Author:Chloe Thompson
Prep Time:15 minutes
Cook Time:25 minutes
Total Time:40 minutes
Yield:6 servings
Category:Side Dish
Method:Baking
Cuisine:American
Diet:Vegetarian
Ingredients
Scale
1 medium butternut squash (about 2 lbs), peeled, seeded, and cubed
1 medium acorn squash (about 1.5 lbs), peeled, seeded, and cubed
2 tablespoons olive oil
1 teaspoon salt
1/2 teaspoon black pepper
1/2 cup breadcrumbs
1/4 cup grated Parmesan cheese
2 tablespoons melted butter
Instructions
Preheat your oven to 400°F (200°C).
In a large bowl, toss the cubed butternut and acorn squash with olive oil, salt, and pepper until evenly coated.

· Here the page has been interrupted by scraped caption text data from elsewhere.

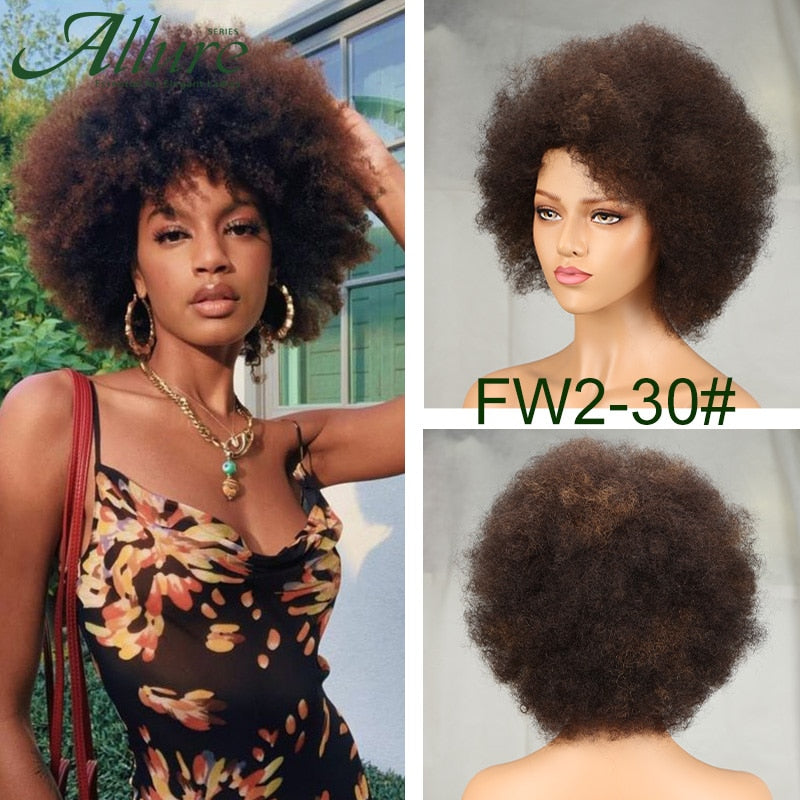 Flauschige Afro Kinky Curly Perücke für schwarze Frauen, Remy brasilianisches menschliches Haar kurze freche menschliche Haarperücken natürliches Braun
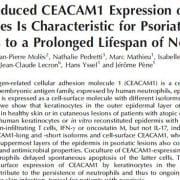 CEACAM1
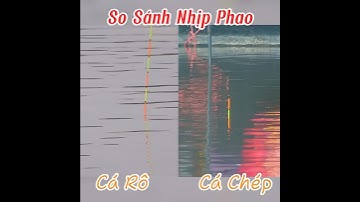 Cá Rô Phi So Với Cá Chép – Nhịp Phao Khi Ăn Mồi Khác Nhau Như Thế Nào? #fishing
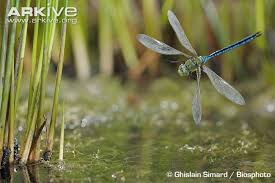 Image result for Pteleopsis anisoptera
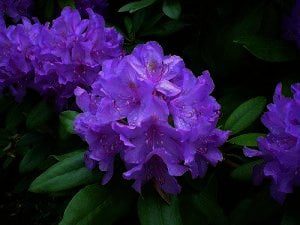Rhododendron catawbiense 'Grandiflorum´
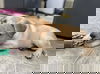 Estella: Not at the Shelter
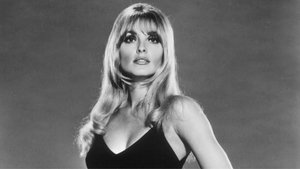 All Eyes on Sharon Tate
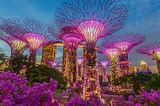 Gardens by the Bay: A Green Jewel in the Heart of Singapore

Spread the squash in a single layer on a baking sheet.
Roast for 20-25 minutes, or until the squash is tender and slightly caramelized.
While the squash is roasting, in a small bowl, combine the breadcrumbs, Parmesan cheese, and melted butter.
Remove the squash from the oven and transfer it to a casserole dish.
Sprinkle the breadcrumb mixture evenly over the top of the squash.
Return the casserole to the oven and bake for another 5 minutes, or until the topping is golden brown and crispy.
Let it rest for a few minutes before serving.
Notes
You can use any variety of winter squash you prefer.
For a sweeter casserole, add a tablespoon of maple syrup to the squash before roasting.
This casserole can be made ahead of time and reheated before serving.